Photodynamic therapy with hematoporphyrin modified, doxorubicin-loaded nanoparticles

Photodynamic therapy (PDT) in combination with chemotherapy has great potential for cancer treatment. Hematoporphyrin (HP) is a ligand for low density lipoprotein (LDL) receptors on the hepatoma cells and also a well-known photosensitizer for PDT. To increase the targeting ability of photosensitizers for the tumor site, HP modified doxorubicin (DOX) loaded nanoparticles (HP-NPs) was developed as a targeting carrier to increase the therapeutic effect of PDT in treating HCC. In both in vitro and in vivo studies, HP-NPs were more efficient than free HP under the same laser irradiation (630 nm, 400 mW/cm2) conditions. The in vitro phototoxicity in HepG2 cells was characterized by MTT assay, Annexin-V fluorescein isothiocyanate (FITC) staining and fluorescence activated cell sorting (FACS) analysis showed significantly increased response of HP-NPs (2 µM as HP) as compared with free HP (2 µM as HP) based PDT. In vivo anticancer ability in HepG2 tumor bearing mice was markedly improved by HP-NPs-based PDT (HP 2 mg/kg in PBS).

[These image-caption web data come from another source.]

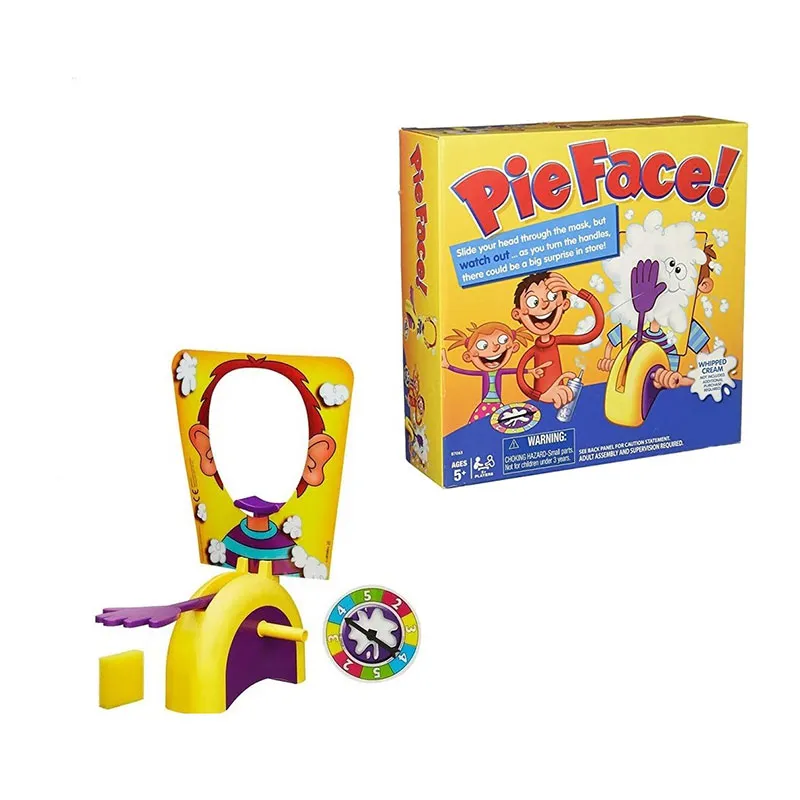 Jeu de société Pie Face ! - 5+-8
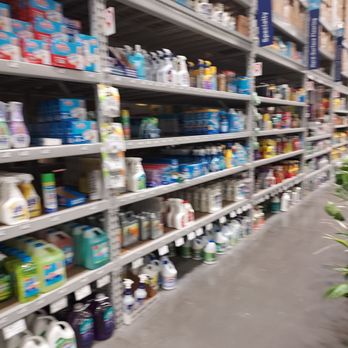 Lowe's Home Improvement - Bleach products here are a hexx of a lot cheaper here than other stores - Hardware Stores Near Me - Gilbert, Arizona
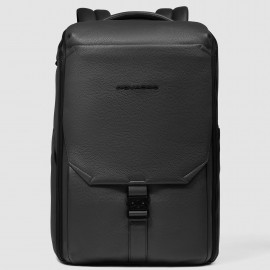 Рюкзак для ноутбука Piquadro Than (S135) Black CA6611S135_N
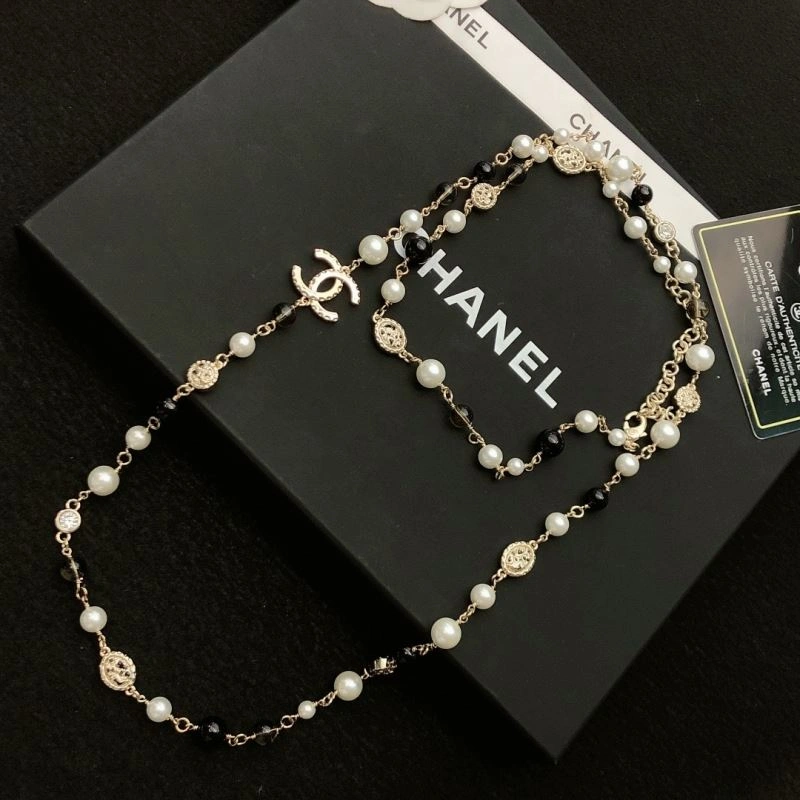 Original Chanel Necklaces 218786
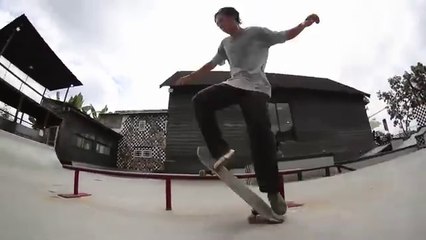 Riview skatepark Yogyakarta
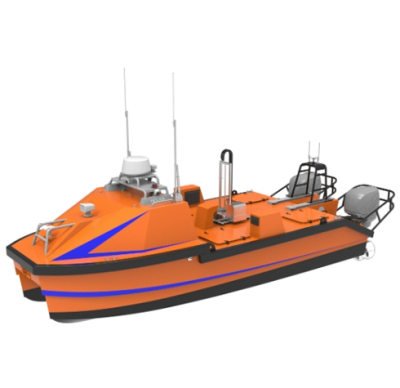 云洲L25C深远海多用途海洋测量无人船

Therefore, the HP-NPs (average particle sizes 350 ± 15 nm) represent a potentially effective co-delivery system of photosensitizer and anticancer drug which improved the effects of PDT in HCC [Citation33].

Doxorubicin-intercalated nano-hydroxyapatite drug-delivery system

DOX is commonly used for HCC treatment, but due to some serious side effect (cardiotoxicity and non-cancer cell cytotoxicity), it has very limited success in HCC treatment. A new nano-sized hydroxyapatite (HAp) (≃25–32 nm) based drug-delivery system was synthesized with a Ca/P molar ratio of 1.67 for reduction of DOX side effect. These nano-HAP particles were intercalated with DOX. The average drug-loaded nanoparticles had a size range of ≃3.9–8.7 nm. The in vitro drug-elution kinetics was tested under different pH conditions to take for the actual pH conditions found in the body environment. The kinetics was observed to be ideal for intravenous therapy to treat HCC. In vivo experiments using animal models demonstrated promising results in terms of changes in relative liver weight and histopathology. Ultimately, “high-dose” HAp-DOX presented maximal suppression of hyperplastic nodules and a least number of preneoplastic lesions. Therefore, Doxorubicin-intercalated nano-hydroxyapatite drug-delivery system is safe, powerful and reliable treatment method for HCC [Citation34].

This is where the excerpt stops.